Thursday, May 2, 2019

In Celebration of Graduate Research Excellence @FairfieldU and for Graduate Student Elisabeth Muller, Fairfield Warde History Teacher

Yesterday I had the honor of seeing Elisabeth Muller receive the Library Research Prize at Fairfield University for her graduate work, but to also see that Sydney Williams, an undergraduate, was also honored. I post this morning with my remarks about Elisabeth Muller and celebrate her tremendous accomplishment. I am extremely proud.

It is a true pleasure to celebrate the research of Ms. Elisabeth Muller, the recipient of the 2019 Library Research Prize. Elisabeth is a graduate student in Teaching and Foundations in the Graduate School of Education and Allied Professions, an advanced professional degree for experienced educational professionals and community educators who wish to deepen and expand their knowledge of teaching and learning in a socio-cultural context. 

Last summer, Elisabeth was selected to participate in the Connecticut Writing Project’s Invitational Leadership Institute, a five-week program that works in collaboration of the National Writing Project at Fairfield University. The 90-hour institute provides a location for teachers to build their own writing portfolios and to create a teaching demonstration/workshop to bring back to their own schools and districts. Without a doubt, Ms. Muller’s work last summer excelled. At the time, she was interested in visual literacy and used the summer institute to explore ways to prompt writers with historical documents.

A semester later, Elisabeth continued her research in ED 501: Practicum for Literacy Teacher Consultants. In this course, she implemented new practices from the summer and continued her research with a design for data collection. Here, she began to explore the concept of building historical empathy amongst her students and began to critically assess her own instructional practices and the student work that resulted.  I had the privilege of visiting her classroom at Fairfield-Warde, and saw her scholarship in action –  She not only designed a brilliant study, she’s an incredible, inspiriting teacher.

Her academic talents are plentiful, as she is keen on detail and astute with intellect. I’ve already asked her share preliminary findings to graduate students a content literacy course and encouraged her to submit her work to local and state conferences. This spring, too, she presented portions of her study at The Literacy Essentialsat Central Connecticut State University with colleagues across the state. 

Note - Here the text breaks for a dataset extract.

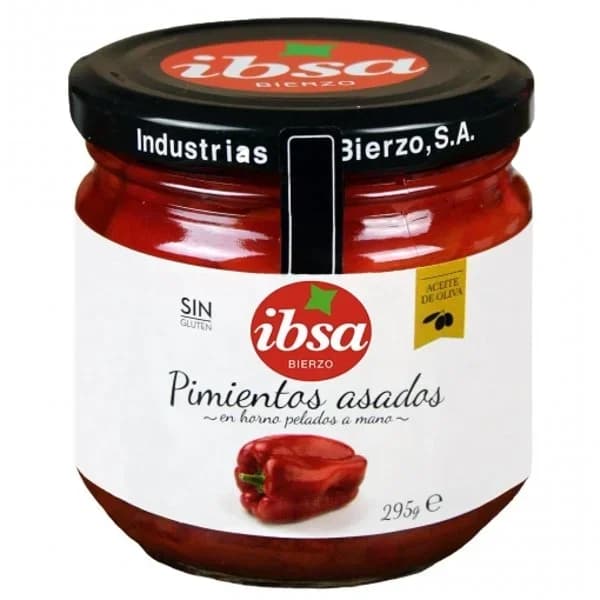 Pimientos asados con aceite de oliva Ibsa sin gluten 295 g. - 0.29 kg - Imagen del producto en Findit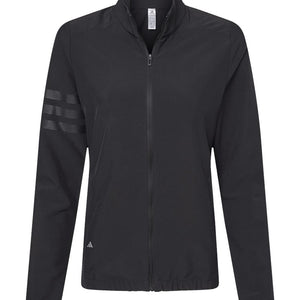 Adidas A268 women's wind resistant full-zip jacket in Black/ Black — garment front view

What pleases me most with Ms. Muller’s work is that she lives it, and often moves beyond course expectations and objectives. She moved through numerous texts from the CWP-Fairfield library and frequented the collection at the DiMenna-Nyselius Library, including numerous online journals. Her study, action research at its core, with a formative experiment design, allowed her to make changes as data was collected. Her work has grown from curiosity for improving student writing in a history class to use of multimedia work to promote an empathetic understanding of history. With implementation of a National Writing Project workshop approach, she promoted reflective writing, research, and document analysis with her own students. Additionally, she experimented with historical fiction to complement the argumentative objectives she wanted to reach. As she analyzed student work that initiated the study, her study proactively created a plan to improve their compositional practices. The result is the work she’s submitting for consideration: Reflective Practice: Continued Improvement of Writing Instruction in the Social Studies Classroom to Promote Historical Understanding.

The research by Elisabeth Muller is original, sophisticated and timely. This semester, too Elisabeth has built upon her work even more in ED 552: Participatory Action Research. In this study, she is triangulating new data with materials collected last semester. I suppose, too, that after she leaves today’s ceremony, she’ll probably be saying to herself, “Oh, Gosh. I have another paper due to Crandall this weekend!” 

Please join me in celebrating the tremendous accomplishments of Elisabeth Mueller. She is an outstanding graduate student from our Teaching and Foundations program.

Congratulations to Elisabeth Muller, but also a round of applause to all who serve on Fairfield University's Library Committee for their yearlong dedication to research excellence and dedication to our University faculty and students.